• INSTRUCTIONS FOR THE TASK: Without copying any picture, return all lines below exactly.

• INFORMATION SUPPLIED:

---------------

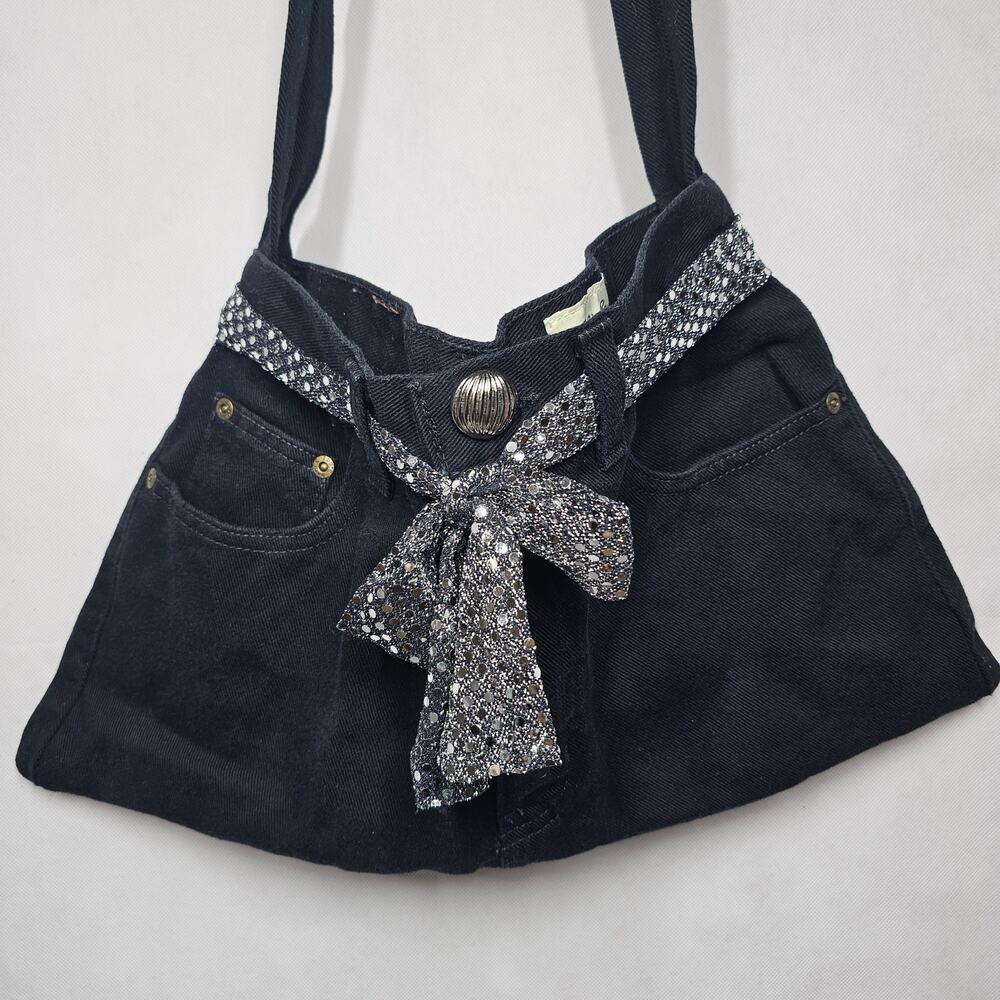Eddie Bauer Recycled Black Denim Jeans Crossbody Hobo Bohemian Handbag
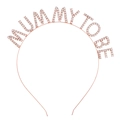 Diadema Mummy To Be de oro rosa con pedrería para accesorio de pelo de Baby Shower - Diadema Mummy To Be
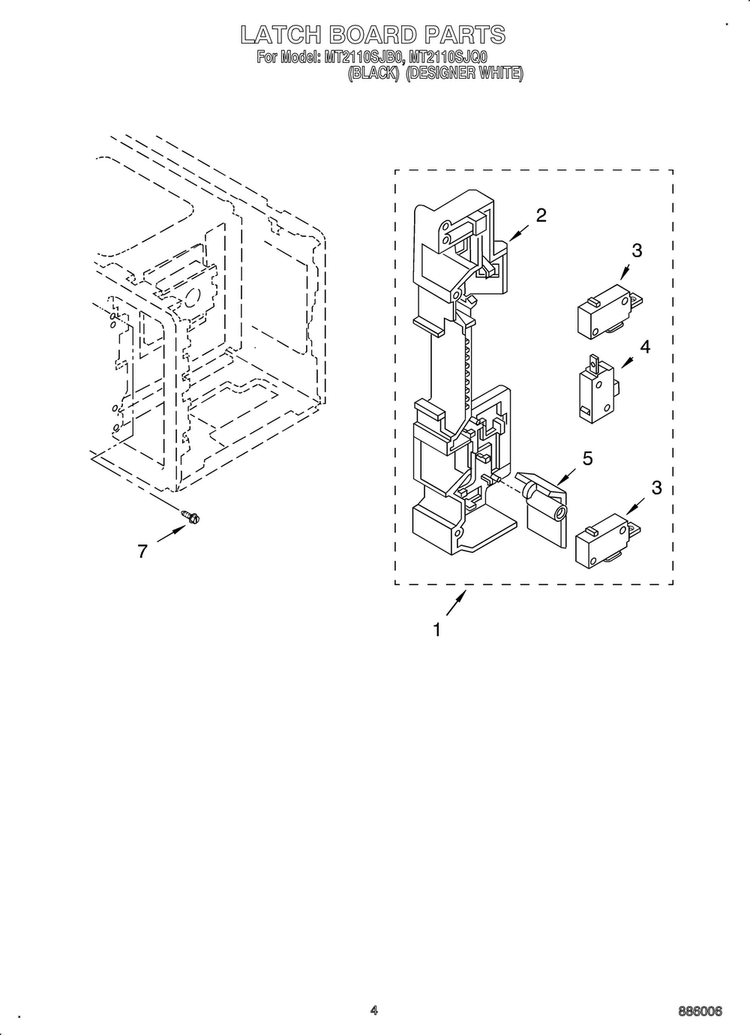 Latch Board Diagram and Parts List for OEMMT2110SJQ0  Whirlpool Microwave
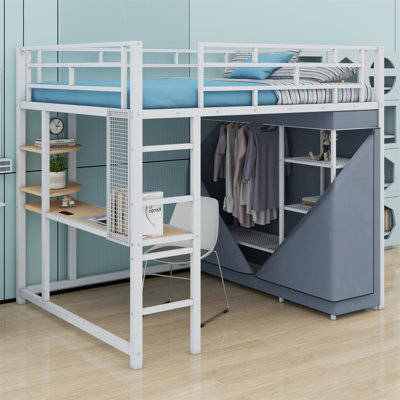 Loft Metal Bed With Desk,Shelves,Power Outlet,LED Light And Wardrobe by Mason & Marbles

---------------

• TASK RESPONSE:
Eddie Bauer Recycled Black Denim Jeans Crossbody Hobo Bohemian Handbag
 Diadema Mummy To Be de oro rosa con pedrería para accesorio de pelo de Baby Shower - Diadema Mummy To Be
 Latch Board Diagram and Parts List for OEMMT2110SJQ0  Whirlpool Microwave
 Loft Metal Bed With Desk,Shelves,Power Outlet,LED Light And Wardrobe by Mason & Marbles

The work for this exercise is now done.